Нет сейчас по факту этих дискутирующих сил. Есть огромная опара пухнущего на нефтяных дрожжах государства, подмявшего крохотные очажки оппозиции. Есть партия власти и её информационная машина, интегрирующая как частные, так и государственные СМИ. Частные газеты и телеканалы процветают не только в меру собственной лояльности к властям, но и благодаря отлетающим при рубке информационного госзаказа щепкам. Фактически одна политическая партия безраздельно контролирует государственные СМИ, призванные обеспечить корректную и плодотворную дискуссию самых разных общественных групп. Сплошь и рядом «ЕР»-овские функционеры официально возглавляют государственные газеты и телекомпании, манипулируя ими как партийными. Такой дичи и Алиса в Стране Чудес не видывала.

Но, может быть, государство, ощутив мощь, исполнится вдруг благородством и мудростью, сопутствующими силе. И волей своей призовет национальную журналистику к выполнению священного долга «четвертой власти». Ведь оппозиционность или верноподданническая лояльность прессы — всего лишь эвфемизм её эффективности или бесполезности. Так, за колесницами триумфаторов-цезарей некогда бежали специально нанятые люди, ругая венценосцев из души в душу, дерзко восклицая: «Эй, на колеснице! Помни, ты — смертный!». Может ли и у прессы быть задача большей государственной важности, чем постоянная критическая оценка каждого шага действующих властей? Разве не заинтересовано здоровое, сильное государство в том, чтобы малейшая ошибка его институтов немедленно выявлялась пристрастным наблюдателем, любая неиспользованная возможность тотчас высвечивалась?
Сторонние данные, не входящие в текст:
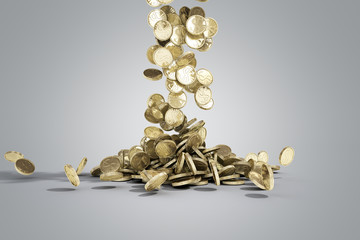 Wall Mural - gold coins with dollar sign fall on graund 3d illustration on a grey background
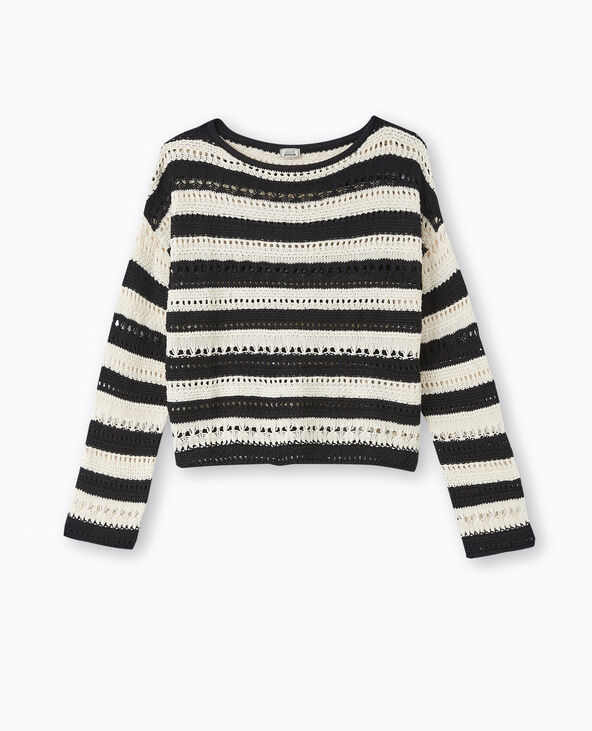 Pull rayé en maille ajourée façon crochet noir - Pimkie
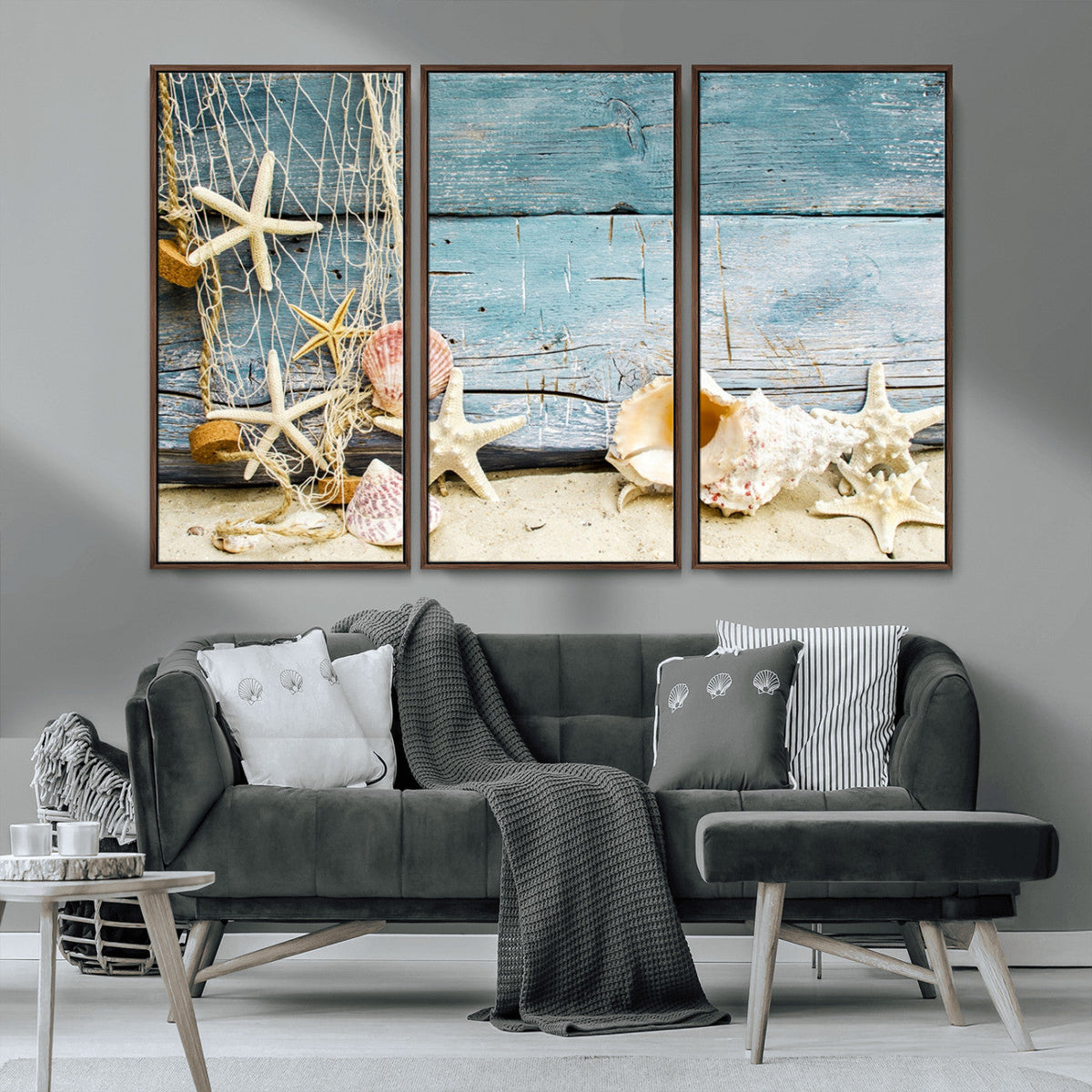 Seashells on Rustic Wooden Background, Seashells Wall Art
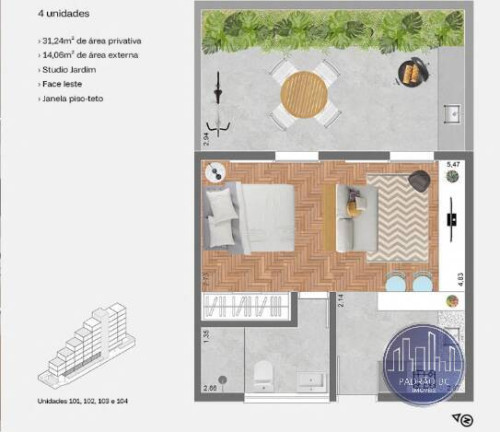 Imagem Apartamento com 1 Quarto à Venda, 23 m² em Portão - Curitiba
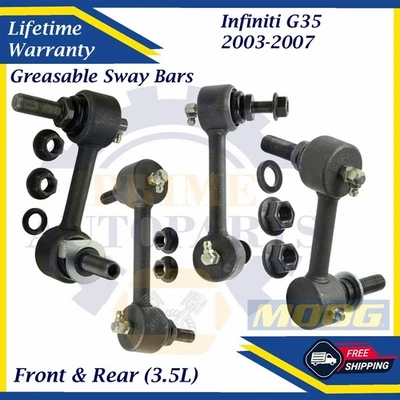MOOG OEM Front & Rear Sway Bar Links For 2003-2007 Infiniti G35 10 Yr Warranty - Image 1 of 4
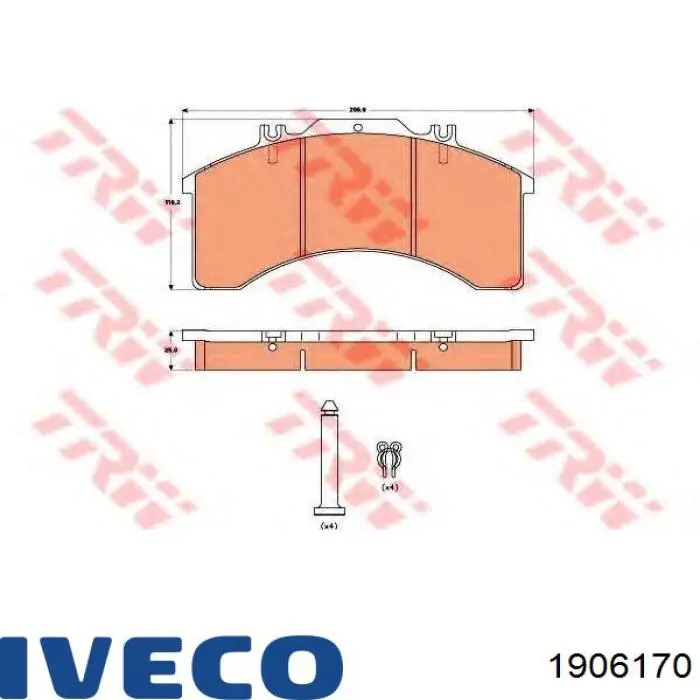 Do koszyka 1906170 Iveco Klocki hamulcowe przednie tarczowe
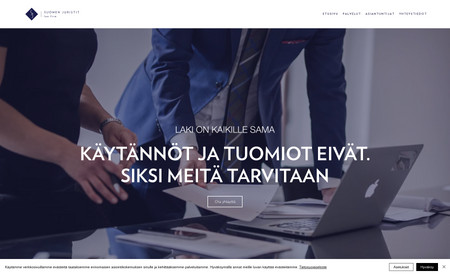 Suomen Juristit: Designed the new brand and built the Editor X website for this Finnish law firm. Norders provided digital marketing strategy, graphic design, customer journeys, website design, SEO, copywriting, web development, and web management.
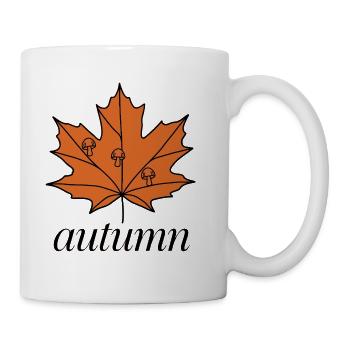Autumn Herbst Ahornblatt Pilze Natur Damen T-Shirt - Tasse - Weiß - Rechts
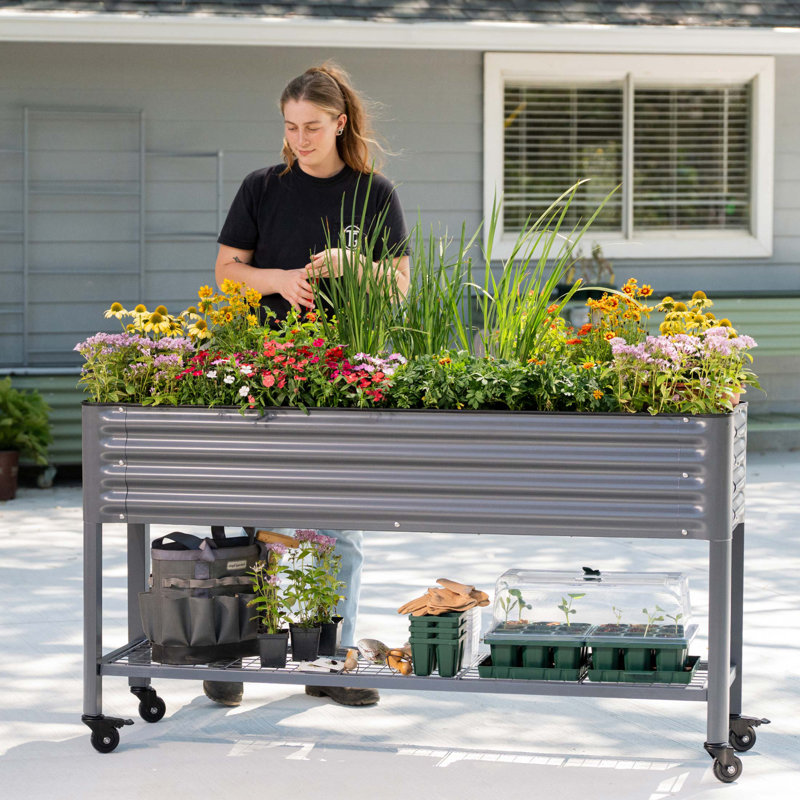32" Tall 66" Long Metal Outdoor Elevated Planter, Modern Gray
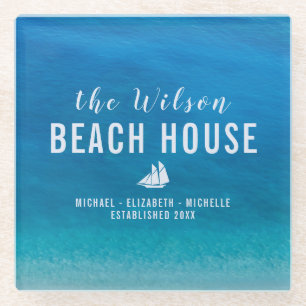 Coastal "Beach House" Ihr Name Typografie-Unterset Glasuntersetzer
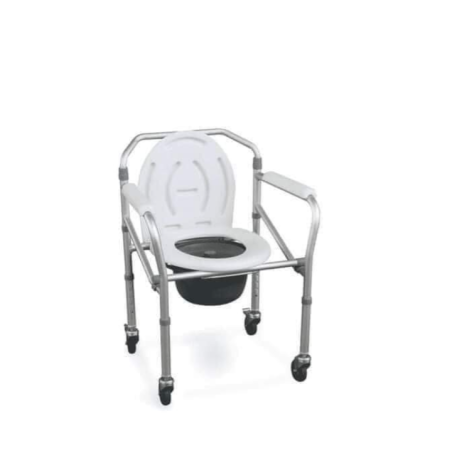 A raglash bathroom chair for the elderly with an imported wheel and can be fixed to the ground with height control
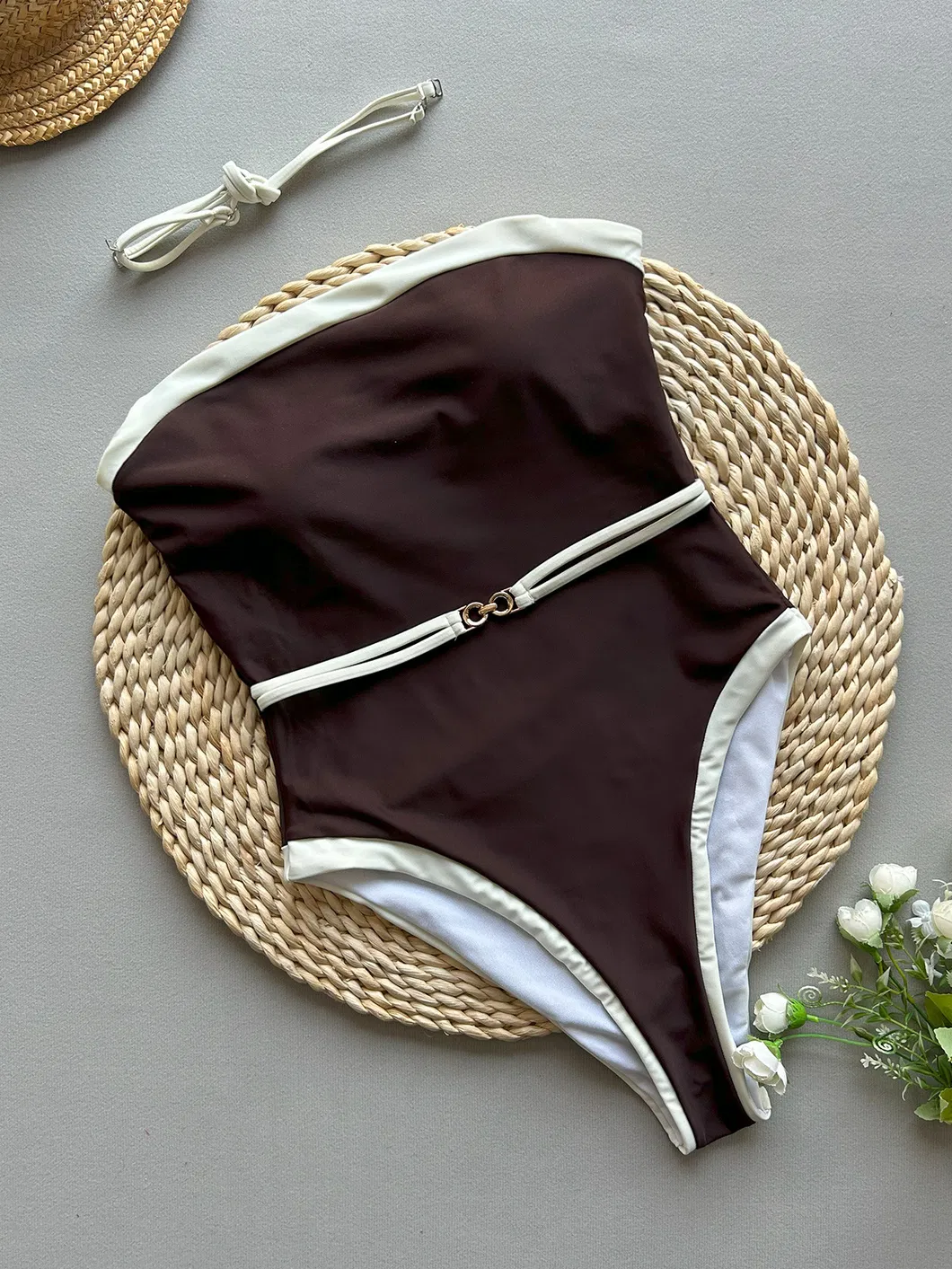 One Piece Swimsuits with Contrast Belt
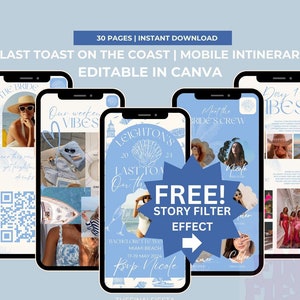 Last Toast on The Coast Bachelorette Weekend Itinerary Editable Template | Coastal bachelorette Weekend Canva Invite|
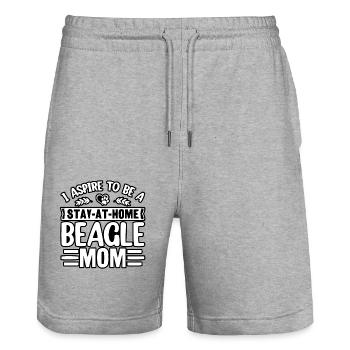 I aspire to be a stay at home Beagle Mom - Stanley/Stella Trainer Unisex Organic Jogging Shorts - heather grey - Front - Nik (191cm) & Marisol (170cm)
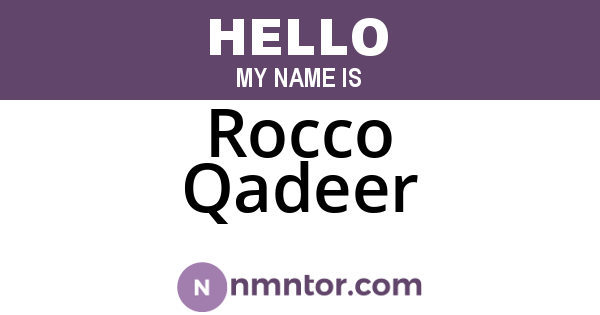 Rocco Qadeer
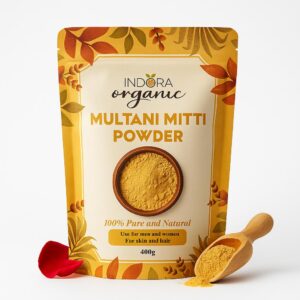 Indora Organic Multani Mitti Powder Face Pack | 100% Pure Fuller's Earth – 400g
Вот уж действительно, так порой размечтается автор, что впору мягко зафиксировать — чтобы, не дай Бог, не причинил себе вреда. Тем более, что объясняли же мне работники государственных СМИ, в чём их задача: доводить до сведения населения указания властей и освещать достижения оных — не более. Державная пресса у нас вообще для того лишь, чтобы доводить сверху вниз и никогда в обратном направлении. Очередная вариация популярной системы «ниппель».

Что ж, приятно иногда почитать в газете федеральной о величии Владимира Владимировича и залакировать впечатление региональной статейкой о талантах Валерия Павлиновича. Впрямь ведь деятели это не заурядные, большого ума мужчины. Сделано ими много для общественного блага — каждым на своем уровне. Но работы и впереди ещё не меряно. Может быть, и они задумаются когда-нибудь о том, зачем тратиться на содержание всей этой гигантской информационной махины — и уж точно дадут мудрый ответ, которого я пока не нашёл.